No estatuto de ídolo, de referência musical da cultura pop, Jackson conseguiu ainda o feito de conjugar duas estratégias distintas das "majors": um "cast" de artistas que vendem discos em quantidade regular, mas por muito tempo (a mais lucrativa -os "artistas de catálogo"), e outro com discos que vendem muito, mas por pouco tempo ("os artistas de sucesso").
Ao ter permanecido por dois anos (1983 e 1984) liderando a lista de discos mais vendidos, "Thriller" sintetiza essa conjunção, e Jackson passou a simbolizar o modelo ideal de artista a receber a atenção de grandes gravadoras, mesmo que fosse em menores proporções.
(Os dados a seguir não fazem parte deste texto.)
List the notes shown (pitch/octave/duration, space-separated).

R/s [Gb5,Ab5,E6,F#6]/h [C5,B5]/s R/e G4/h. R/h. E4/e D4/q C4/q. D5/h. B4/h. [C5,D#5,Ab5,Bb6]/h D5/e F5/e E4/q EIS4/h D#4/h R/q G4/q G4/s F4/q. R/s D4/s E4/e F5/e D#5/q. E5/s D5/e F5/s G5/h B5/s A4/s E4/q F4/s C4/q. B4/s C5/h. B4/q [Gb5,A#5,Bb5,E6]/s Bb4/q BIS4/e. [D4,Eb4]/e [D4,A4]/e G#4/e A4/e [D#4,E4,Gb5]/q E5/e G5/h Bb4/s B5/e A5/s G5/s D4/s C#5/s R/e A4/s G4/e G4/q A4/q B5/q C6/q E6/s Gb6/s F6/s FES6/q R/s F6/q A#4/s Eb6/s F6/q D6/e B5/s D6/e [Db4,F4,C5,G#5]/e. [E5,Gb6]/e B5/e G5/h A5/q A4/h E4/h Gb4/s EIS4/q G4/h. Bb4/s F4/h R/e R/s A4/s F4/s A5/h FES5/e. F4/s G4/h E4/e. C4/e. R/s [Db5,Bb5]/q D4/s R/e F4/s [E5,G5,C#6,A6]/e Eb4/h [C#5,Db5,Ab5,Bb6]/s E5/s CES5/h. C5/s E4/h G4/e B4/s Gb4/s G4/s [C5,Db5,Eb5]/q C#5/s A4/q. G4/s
O disco subsequente, "Dangerous" (1991), além de não ter repetido o sucesso dos anteriores, não contou com o trabalho de Quincy Jones. Jackson passou a se dedicar de maneira desigual à sua carreira profissional, perdendo progressivamente o vigor.
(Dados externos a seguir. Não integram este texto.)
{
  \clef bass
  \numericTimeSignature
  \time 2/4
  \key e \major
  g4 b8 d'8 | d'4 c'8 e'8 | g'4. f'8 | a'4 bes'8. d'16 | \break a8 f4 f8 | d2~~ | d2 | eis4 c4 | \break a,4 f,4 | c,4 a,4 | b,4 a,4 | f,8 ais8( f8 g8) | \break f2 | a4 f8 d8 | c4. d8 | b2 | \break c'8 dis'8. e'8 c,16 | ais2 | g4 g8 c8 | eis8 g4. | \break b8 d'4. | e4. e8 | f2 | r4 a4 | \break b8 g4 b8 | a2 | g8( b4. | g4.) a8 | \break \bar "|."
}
No início dos anos 90, a indústria fonográfica se dedicava à inserção do CD no mercado e à transposição de parte de seu catálogo para o novo suporte. Essa estratégia trouxe o último grande impulso de acumulação, na medida em que tais reedições foram feitas com custo de produção musical amortizado, gerando para venda um produto mais caro que o disco de vinil. O mercado mundial passou de US$ 12 bilhões de faturamento em 1985 para US$ 40 bilhões em 1995.
Mas a alegria durou pouco. A fluidez da tecnologia digital fez com que a difusão dos produtos escapasse ao controle das gravadoras. Os procedimentos considerados ilegais -primeiro de vendas e, mais tarde, de compartilhamento de músicas no formato digital- inverteram radicalmente a curva do lucro num espaço de tempo muito curto. Em 2000, as cifras mundiais de faturamento estavam em torno de US$ 37 bilhões. Em 2005, em US$ 33 bilhões.
Também sustentaram a queda a incapacidade de inovar artisticamente e de assimilar as transformações técnicas, em vez de lhes declarar guerra, bem como o descaso com o público, que, ao lado do artista, deveria compor a essência do sistema. Para retomar o ritmo do negócio, nem mesmo um novo Michael Jackson bastaria. O aumento nas vendas de seus discos após sua morte não altera o panorama. Antes, revela mais uma marca do "business". Desse grande cenário, permanecem as heranças artísticas, os desafios postos pelos direitos autorais, a música e os artistas, pois estes não morrem jamais.


MARCIA TOSTA DIAS
, 46, socióloga, doutora em ciência política pela USP, é professora da Unifesp (Universidade Federal de São Paulo) e autora de "Os Donos da Voz".